Note on reviews: I try not to spoil what I would consider major plot revelations in any of my reviews, but I do like to talk about movies in a way that would be meaningful to someone who has seen the film. Thus, assume there are probably more spoilers than you’d find in, say, the trailer for any given film.
To talk about Chronicle is to talk about where superhero movies are these days. Almost universally adaptations of Marvel and DC Comics’ major properties, the past four decades (with a big upswing since X-Men hit the scene right around the millenium) have been full of trademarked names and rabid discussions of how a costume will look translated to film, nods to fans, endless Stan Lee cameos, and Samuel L Jackson always, always showing up at the end. It’s become so entrenched that Marvel churns out the exact same movie once or twice a year, assembly-line build ups to bigger event properties. Superhero movies have become just like the comic books they’ve come from.
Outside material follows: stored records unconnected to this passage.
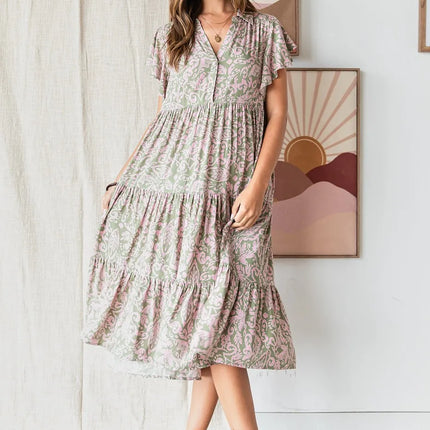 Mittoshop Abstract Print Ruffle Tier Midi Dress - Image 6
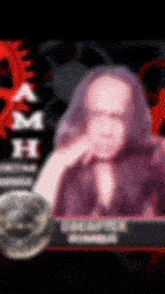 a blurry picture of a person with the word amh on the bottom right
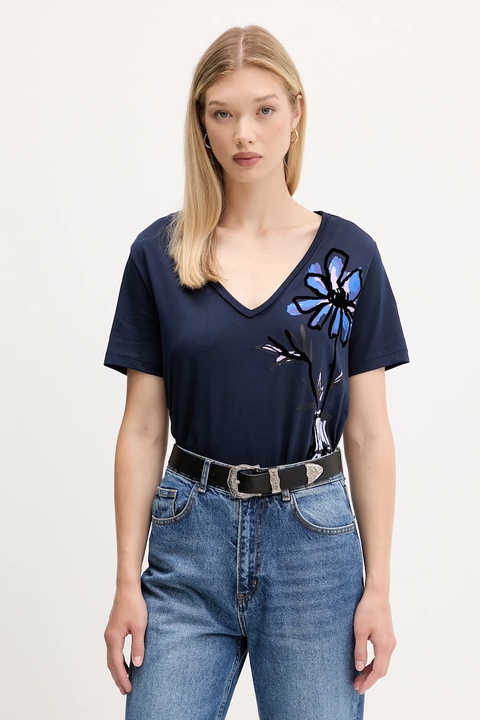 Desigual t-shirt bawełniany DUMAS damski kolor granatowy 25WWTK28 - zdjęcie produktu nr 1
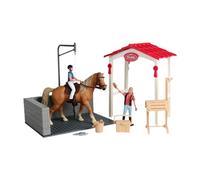 LeeQinersw Set di giocattoli con animali da fattoria, statuette dipinte a mano, giocattolo educativo di simulazione per bambini dai 3 ai 7 anni. , Scena di Lavaggio Del Cavallo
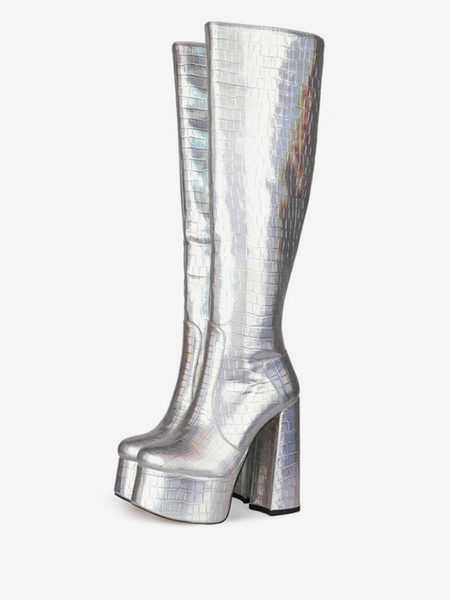 Image of Stivali al ginocchio in pelle argento Punta tonda in pelle lucida Tacco grosso Stivali al ginocchio da donna abbaglianti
Chronicle shows us another way. Based on nothing more than a script, Chronicle is superhero deconstructed, not entirely dissimilar to the way that Unbreakable did once upon a time, and with it a chance to reexamine exactly what makes the superhero genre work. Because Chronicle, above all else, works; in fact, it redeems many of the prior assumptions I had about what didn’t work in the genre, through nothing more complicated than telling a good story. To clarify, Chronicle is the story of three high school kids who stumble across a mysterious sinkhole and hop down it, only to find a strange crystal that gives them rapidly developing telekinetic powers. The movie mostly explores what they do and how they are changed by said powers. It’s also found footage, but we’ll get to that later.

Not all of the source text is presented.